Big ideas. The easy way I discovered to make them happen.
Monday, April 3, 2006Small improvements are key. Big ideas are cool.
One of my 16 rules for doing business is to try to improve each and every day in some small way. I believe these small daily improvements are key to the success of any business. But small improvements are not the only way a business gets better. There are also the big ideas!
There have been a lot of big ideas.
I would like to talk about some of the big ideas that were conceived in the past and became realities. Here are just a few:
1. To become a domain name registrar. This was an early idea that worked out especially well. :)
2. To offer private domain registrations. Go Daddy was the first registrar to offer these.
3. To purchase our own root certificate and become a secure (SSL) certificate authority.
4. To create our own domain name after market.
5. To create Wild West Domains so resellers could offer their customers Go Daddy's products at Go Daddy prices (or at whatever prices they want to charge) and to do it under their own name, or their own website without Go Daddy's name getting involved.
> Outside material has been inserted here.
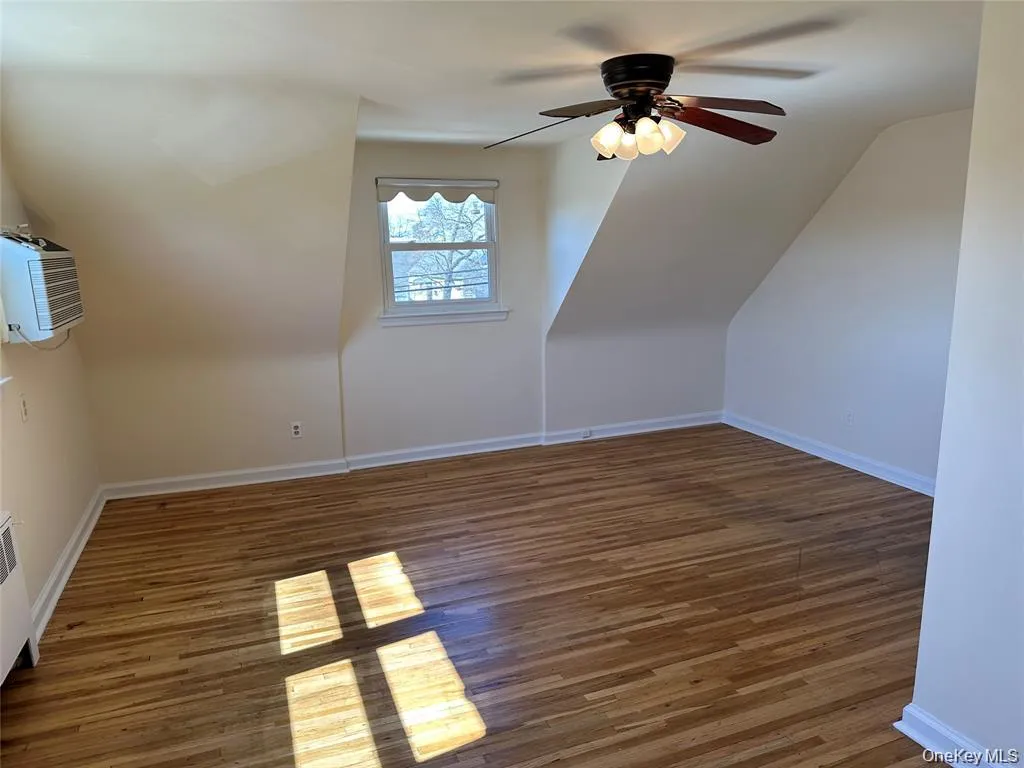 one Waverly Place, Hempstead, NY, 1 Bedroom Bedrooms, 4 Rooms Rooms,1 BathroomBathrooms,Residential Lease,For Rent,Waverly,0,1020386 one Waverly Place, Hempstead, NY, 1 Bedroom Bedrooms, 4 Rooms Rooms,1 BathroomBathrooms,Residential Lease,For Rent,Waverly,0,1020386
The list of ideas goes on and on. The point is that all of these steps were big ideas that came from "aha" moments! And I daresay that each resulted from us just talking about our business and somebody saying "you know what would be kind of cool?" And bingo, the next thing you know, there's another big idea.
How to make big ideas happen.
So here's my tip. Take time - preferably away from your business -- and talk about your business with your employees. Talk about what's right and talk about what's wrong. During your discussions, you should have no particular goal in mind other than open conversation. Remember you're just talking about the business. You're not giving anyone a performance review. You just want to know how they see things, and it's important that you share with them how you see things. That way the information exchange will rise to a good level and flow both ways.
Now suppose you are a struggling entrepreneur -- like I once was -- and you don't have employees. Then maybe you can instead talk with someone who is familiar with your business. This could be a peer or maybe one of your vendors, or your spouse. I think the process of talking about your business is healthy and will help bubble up ideas.
The payoff could be huge!
At worse case, you'll definitely learn a few things about your business. You might also be pleasantly surprised and find yourself face to face with the next big idea.